Line by line, give the data again exactly as it appears, but without pictures.

[Data entries]
= Beginning of Section =

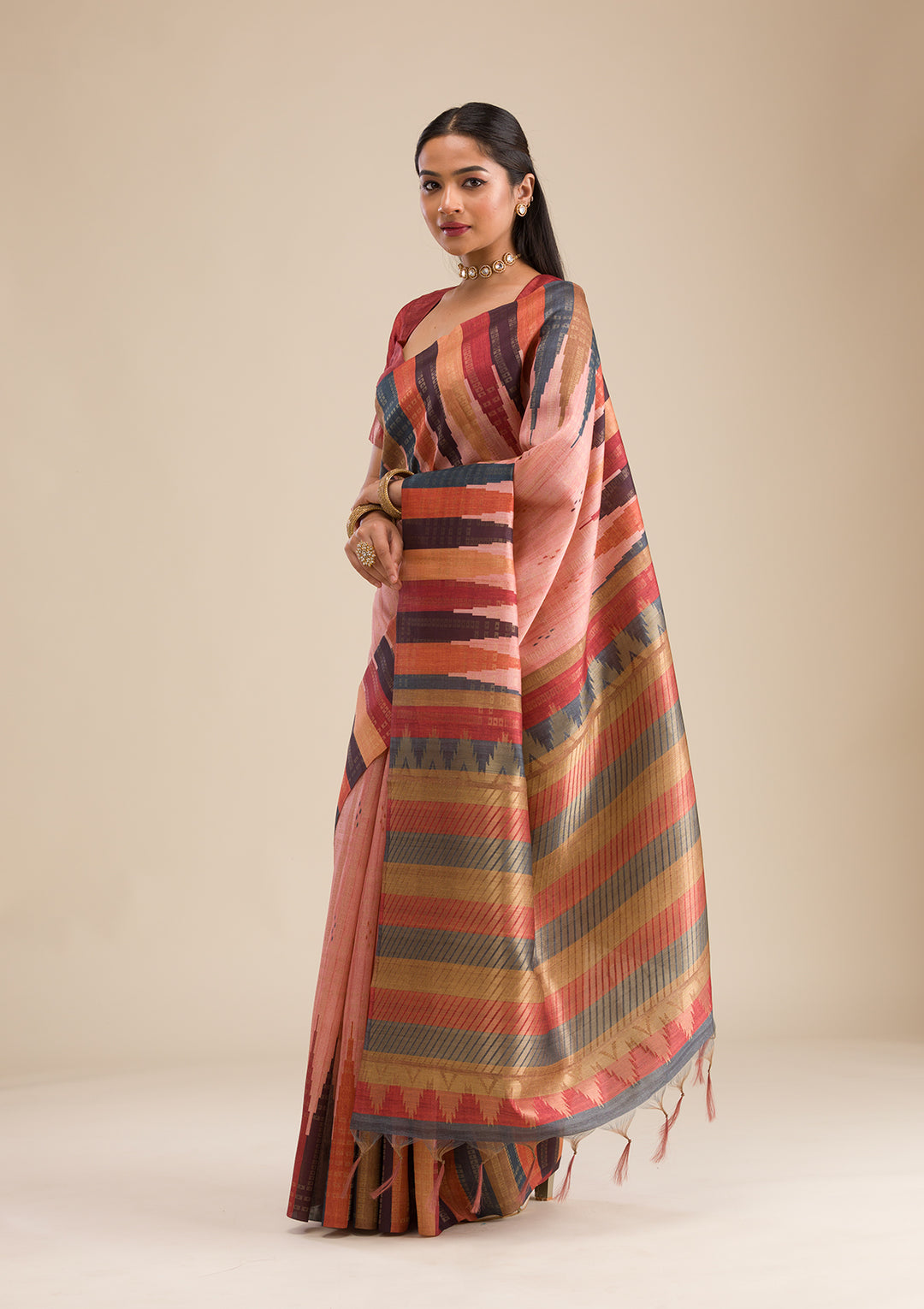 Peach Silk Buti Saree With Matching Blouse Piece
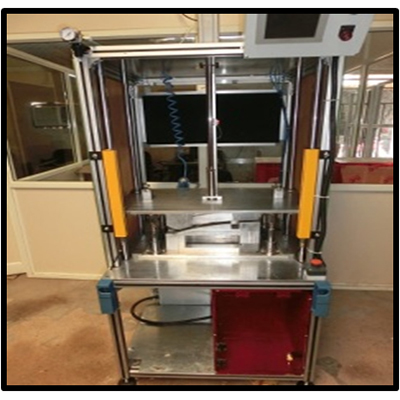 लेंस प्रेसिंग स्टेशन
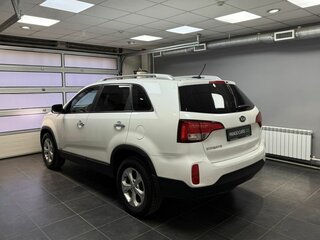 2018 Kia Sorento II Рестайлинг, белый, 1698000 рублей, вид 4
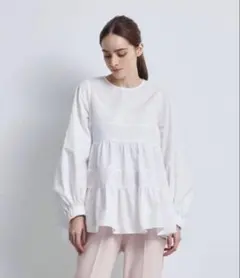 yori   ティアードストレッチブラウス. yori ヨリ YORI ティアードストレッチブラウスの通販はau PAY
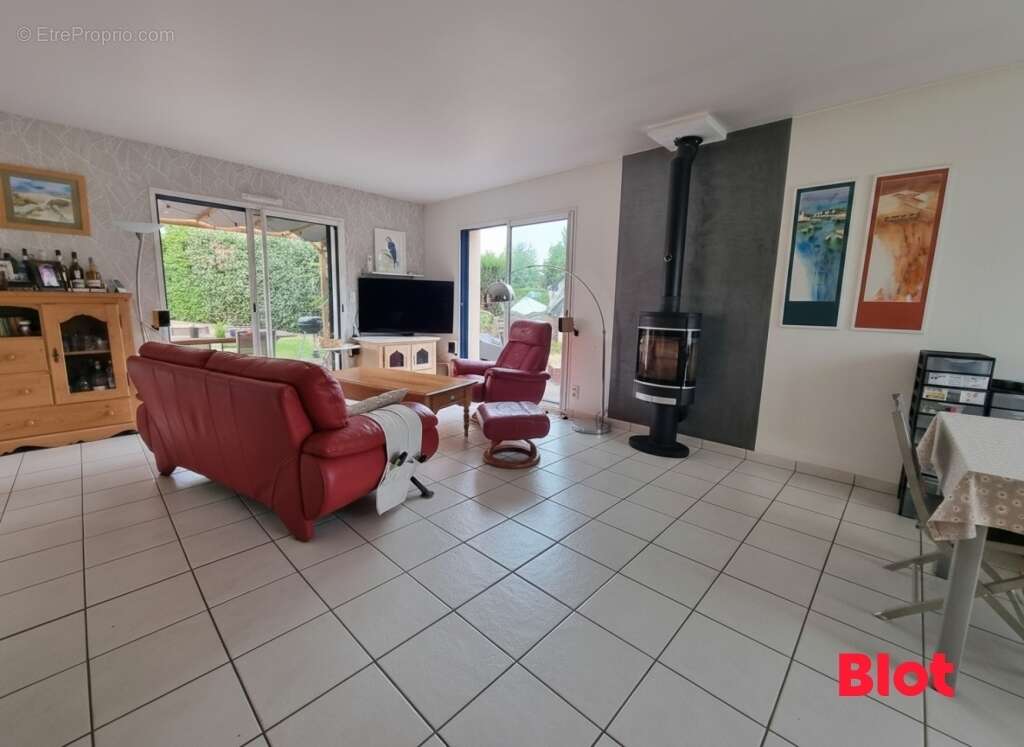 Maison 125 m² à Montreuil-Le-Gast  - photo 4
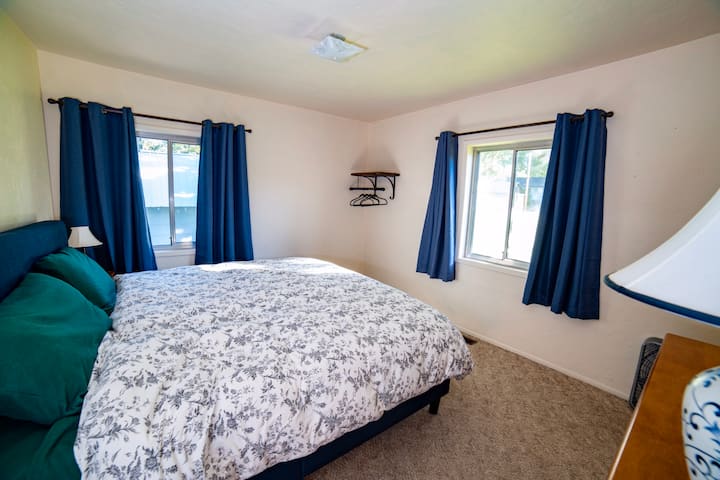 主卧位于一楼，配有加大双人床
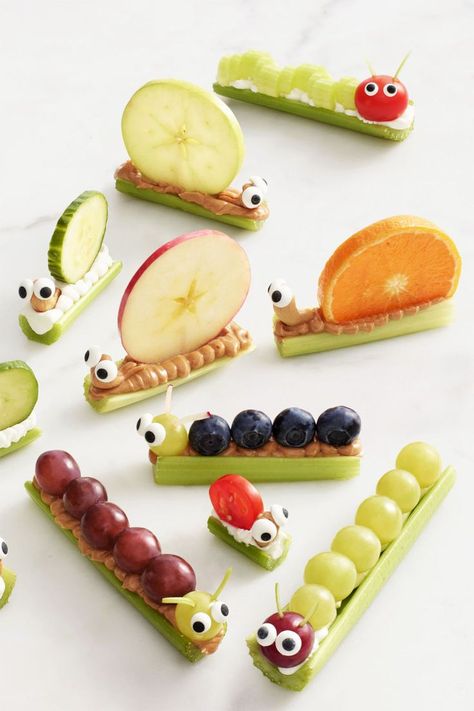 Critter Crudités- cute little creatures make healthy food taste better. Let your kids get creative and come up with their own! Food Art For Kids, Toddler Snacks, Easy Snack Recipes, Diet Vegetarian, Snacks Für Party, Fun Kids Food, Toddler Meals, Kids Snacks, Kids Lunch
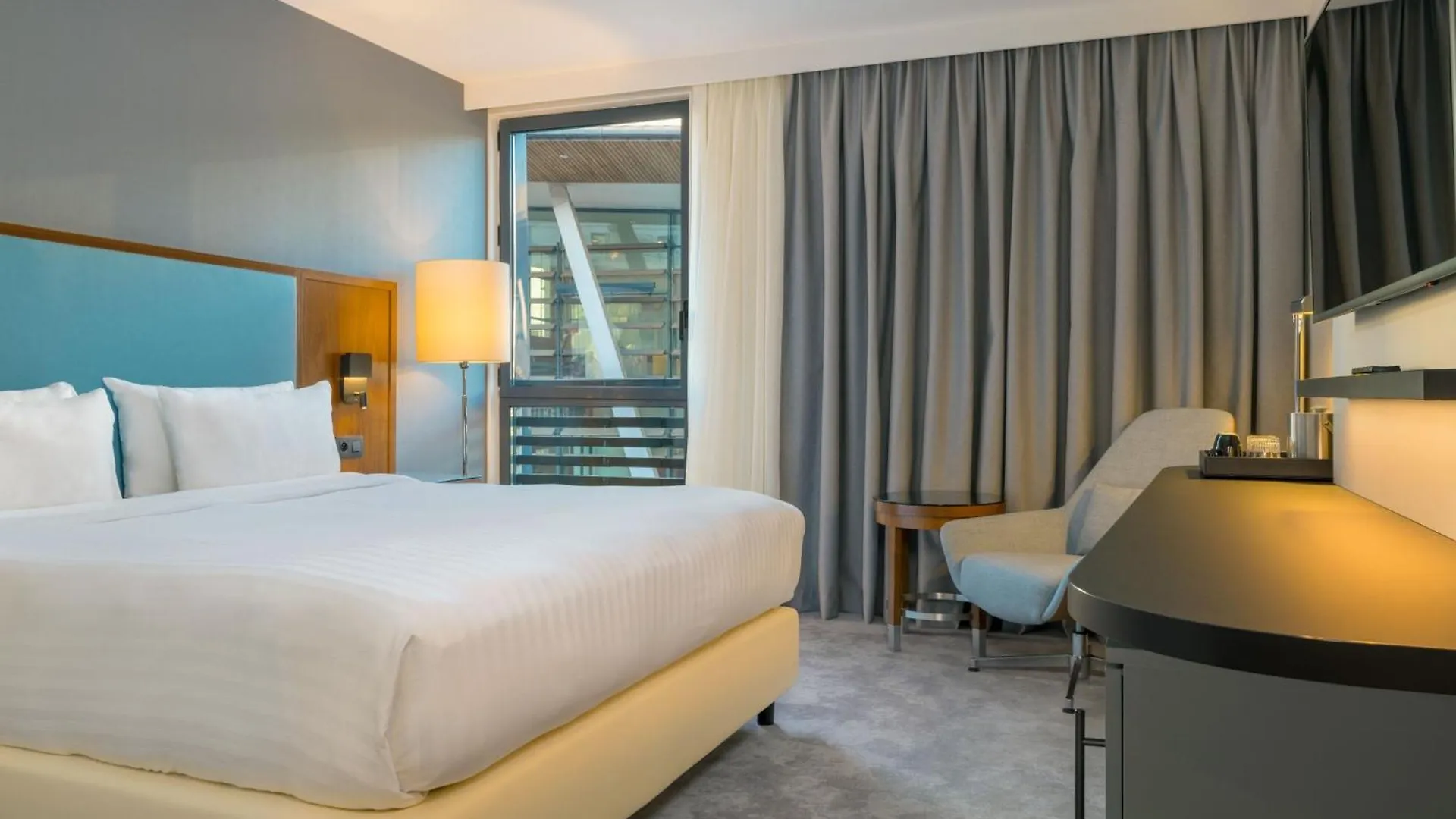 Courtyard By Marriott Paris Arcueil Hotel France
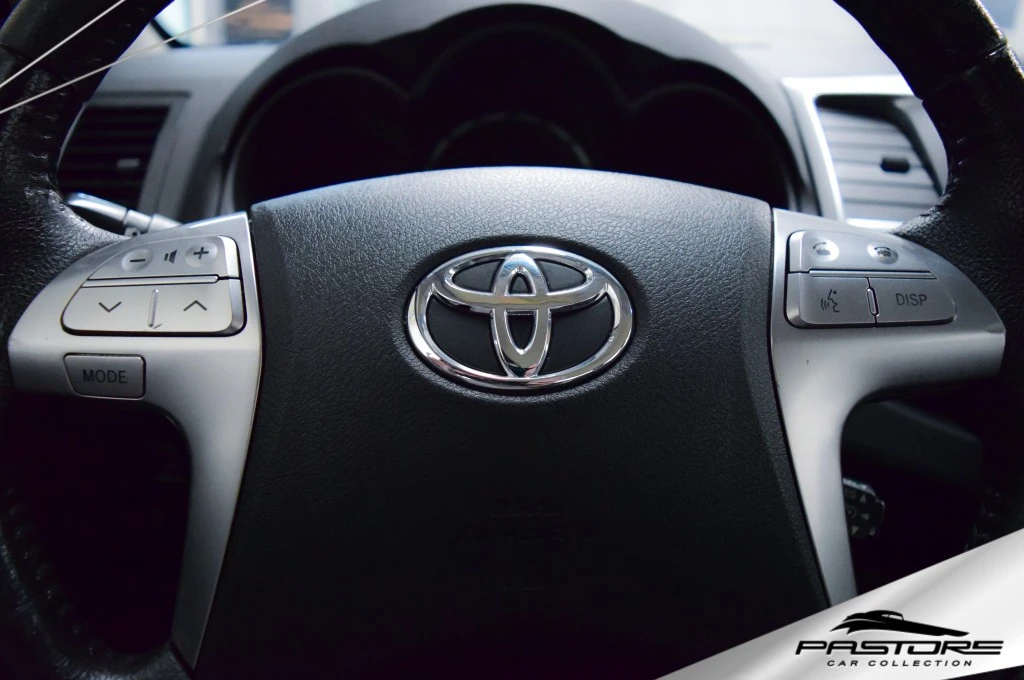 Toyota Hilux CD 4×4 SRV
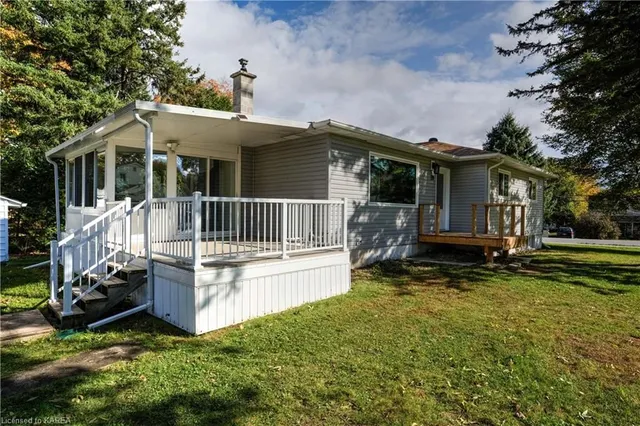 28 Crawford Dr, Marmora 5
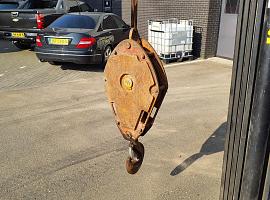 Hookblock 16 mm 1 sheave 15 ton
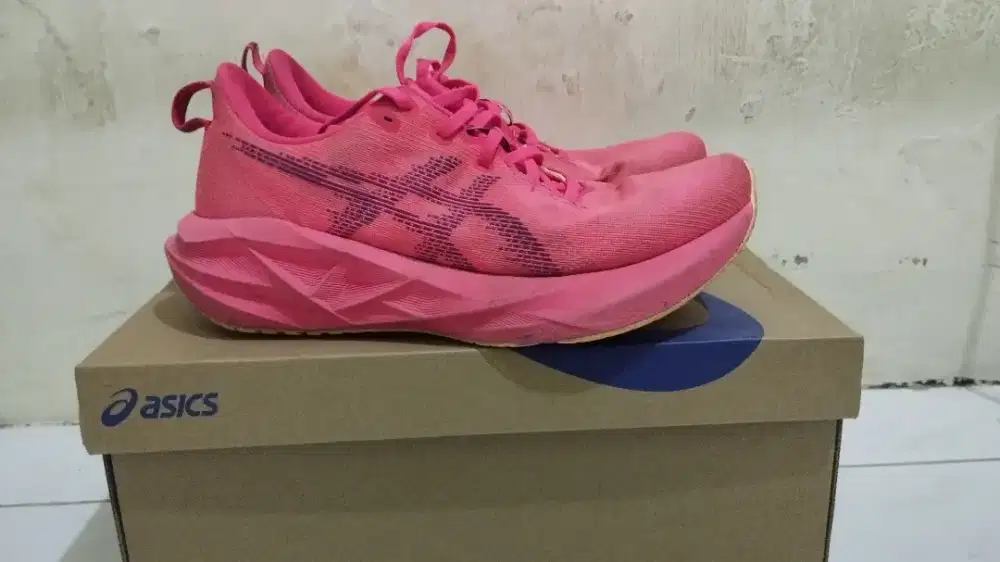 Sepatu Asics Novablast 5 Man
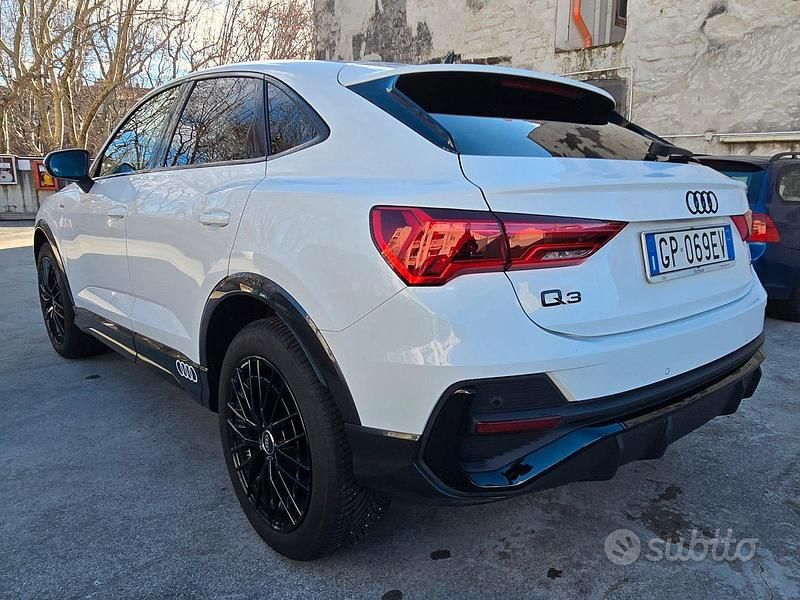 Usata Audi Q3 Sportback S-Line 150 CV (110 kW) 2023 Bianco SUV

= End of Section =

Answer box:
 Peach Silk Buti Saree With Matching Blouse Piece
 लेंस प्रेसिंग स्टेशन
 2018 Kia Sorento II Рестайлинг, белый, 1698000 рублей, вид 4
 yori   ティアードストレッチブラウス. yori ヨリ YORI ティアードストレッチブラウスの通販はau PAY
 Maison 125 m² à Montreuil-Le-Gast  - photo 4
 主卧位于一楼，配有加大双人床
 Critter Crudités- cute little creatures make healthy food taste better. Let your kids get creative and come up with their own! Food Art For Kids, Toddler Snacks, Easy Snack Recipes, Diet Vegetarian, Snacks Für Party, Fun Kids Food, Toddler Meals, Kids Snacks, Kids Lunch
 Courtyard By Marriott Paris Arcueil Hotel France
 Toyota Hilux CD 4×4 SRV
 28 Crawford Dr, Marmora 5
 Hookblock 16 mm 1 sheave 15 ton
 Sepatu Asics Novablast 5 Man
 Usata Audi Q3 Sportback S-Line 150 CV (110 kW) 2023 Bianco SUV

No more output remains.